Accenture’s report is based on concrete estimates based on the analysis of actual cost data from 8 of the world’s 10 biggest banks.
Going by a report prepared by Accenture, the world’s biggest investment banks could trim their infrastructure costs from $8 to $12 billion if they were to embrace blockchain technology by 2025.
The report, based on an analysis of cost data from eight of the worlds ten largest investment banks, has been jointly prepared by Accenture and McLagan, which is part of Aon Hewitt, a consultancy firm.
It only goes to underscores the potentially huge savings in deploying blockchain technology based on concrete estimates.
Blockchain is essentially a distributed record of transactions and other data, maintained by a network of computers on the internet which does away with the need for a central authority.
The technology creates a shared “golden record” of data which is virtually tamper-proof and eliminates the very need to reconcile balances, which could speed the arduous task of auditing.
Of late, large financial institutions, including banks, have been ramping up their efforts to develop blockchain technology so as to alleviate the burdensome load of back-office processes, including the clearing and settlements of securities.

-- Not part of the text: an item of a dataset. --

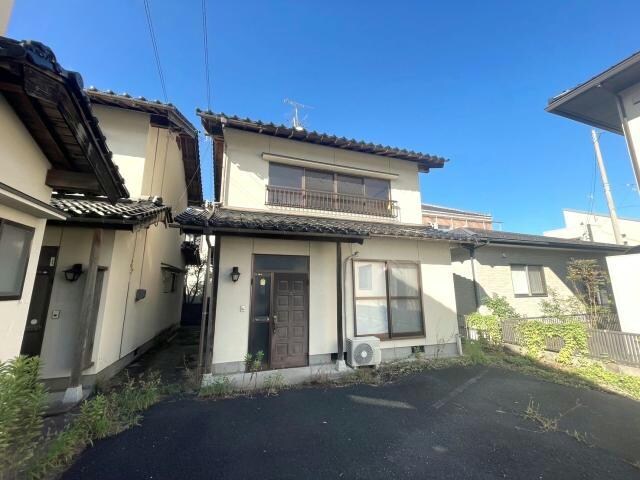 倉吉市新陽町借家の物件外観写真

Despite widespread scepticisms from many, who have argued that banks have jumped on to the “blockchain bandwagon” for the sake of publicity, the fact is for banks investing in blockchain makes business sense “given the tremendous cost of data reconciliation, which is part of every aspect of the capital markets industry”, said David Treat, managing director for Accenture’s financial services blockchain practice
According to the report, if 8 of the world’s biggest banks were to adopt blockchain technology to run some of their processes, including financial reporting, they could, significantly reduce their infrastructure costs by as much as 30%, on average. In the process, they would further gain by way of better data quality and transparency.
Costs associated with business operations, including, know-your-customer checks, trade support and centralised operations, could be trimmed by as much as 50%.

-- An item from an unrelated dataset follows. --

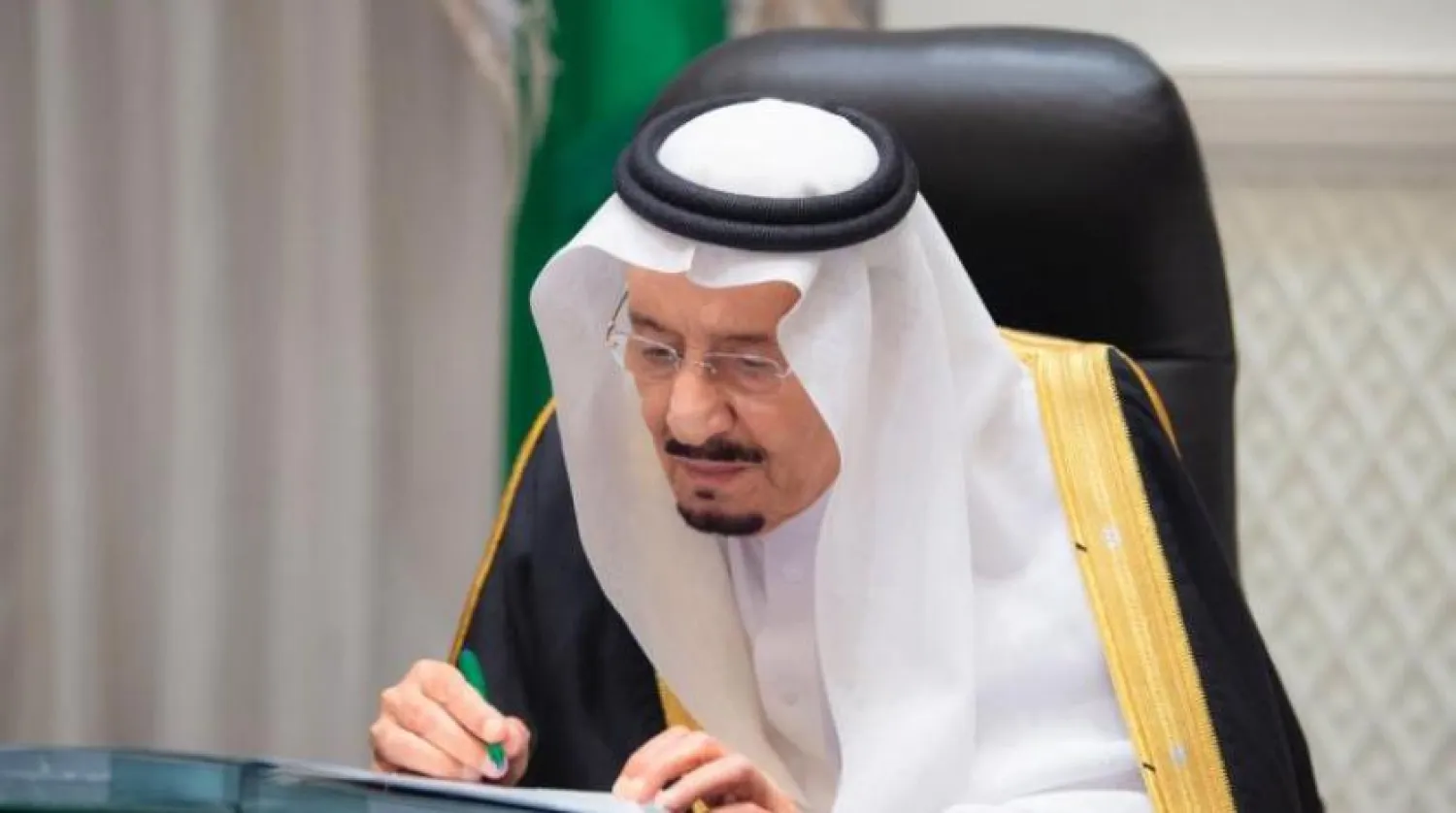 King Salman chairs a cabinet meeting. (SPA)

However, do note, that these estimates did not factor in the potential costs of investments to deploy the technology.
The report stated that although the emerging technology has significant potential regulatory hurdles could come in the way of widespread adoption, which could rein in its benefits.
“After the credit crisis of 2008, regulators will likely be reluctant to materially reduce the role of newly created and strengthened clearing and settlement infrastructure… without being absolutely confident that blockchain networks are a safe, secure and resilient alternative,” said the report.